CITP Luncheon Speaker Series:
Julia Stoyanovich – Fides:
Towards a Responsible Data Science Platform

CITP Luncheon Series

Date: Tuesday, February 28, 2017
Time: 12:30 p.m.
Location: 306 Sherrerd Hall

No RSVP required from current Princeton faculty, staff, and students. Open to members of the public by invitation only. Please contact Jean Butcher at butcher@princeton.edu if you are interested in attending a particular lunch.

Recent attention in FAT research has been focused primarily on analyzing learning algorithms and their outputs. Yet, issues of fairness, accountability and transparency begin further upstream in the data science lifecycle: bias in source data goes unnoticed, spurious correlations lead to reproducibility problems, and pre-processing steps strongly influence analysis results. As machine learning methods continue to be applied broadly by non-experts, the potential for misuse increases.

In this talk reasons to advocate for systems support for responsible data science will be presented. It will be argued that it is insufficient, and often impossible, to identify and mitigate bias and enable accountability and transparency when focusing exclusively on the data analysis phase. Descriptions of the ongoing work on Fides, an open-source responsible data science platform, will be presented. Fides checks and maintains FAT properties starting with the data acquisition phase, propagates these properties through queries and analytics, and assists the user during the result interpretation phase.
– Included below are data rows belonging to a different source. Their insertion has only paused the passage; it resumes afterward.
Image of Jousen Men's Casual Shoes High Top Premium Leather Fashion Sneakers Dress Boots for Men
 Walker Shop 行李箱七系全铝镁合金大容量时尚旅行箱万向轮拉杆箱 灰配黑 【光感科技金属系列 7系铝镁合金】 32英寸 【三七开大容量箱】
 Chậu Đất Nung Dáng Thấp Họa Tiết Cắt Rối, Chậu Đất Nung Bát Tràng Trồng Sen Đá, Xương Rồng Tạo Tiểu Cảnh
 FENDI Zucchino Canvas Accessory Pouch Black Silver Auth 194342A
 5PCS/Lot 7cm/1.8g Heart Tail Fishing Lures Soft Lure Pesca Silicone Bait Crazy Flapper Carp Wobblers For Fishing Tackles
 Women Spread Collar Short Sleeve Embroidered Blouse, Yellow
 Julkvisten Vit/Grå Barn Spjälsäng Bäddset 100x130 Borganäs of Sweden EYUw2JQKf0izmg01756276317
Julia Stoyanovich is an assistant professor of Computer Science at Drexel University, where she directs the Database Research Group. She was previously a postdoctoral researcher and a Computing Innovations Fellow at the University of Pennsylvania. Julia holds M.S. and Ph.D. degrees in Computer Science from Columbia University, and a B.S. in Computer Science and in Mathematics and Statistics from the University of Massachusetts at Amherst. Julia’s research focuses on fairness, neutrality and transparency in data analysis, and on management and analysis of preference data. Her work has been supported by NSF, BSF and Google.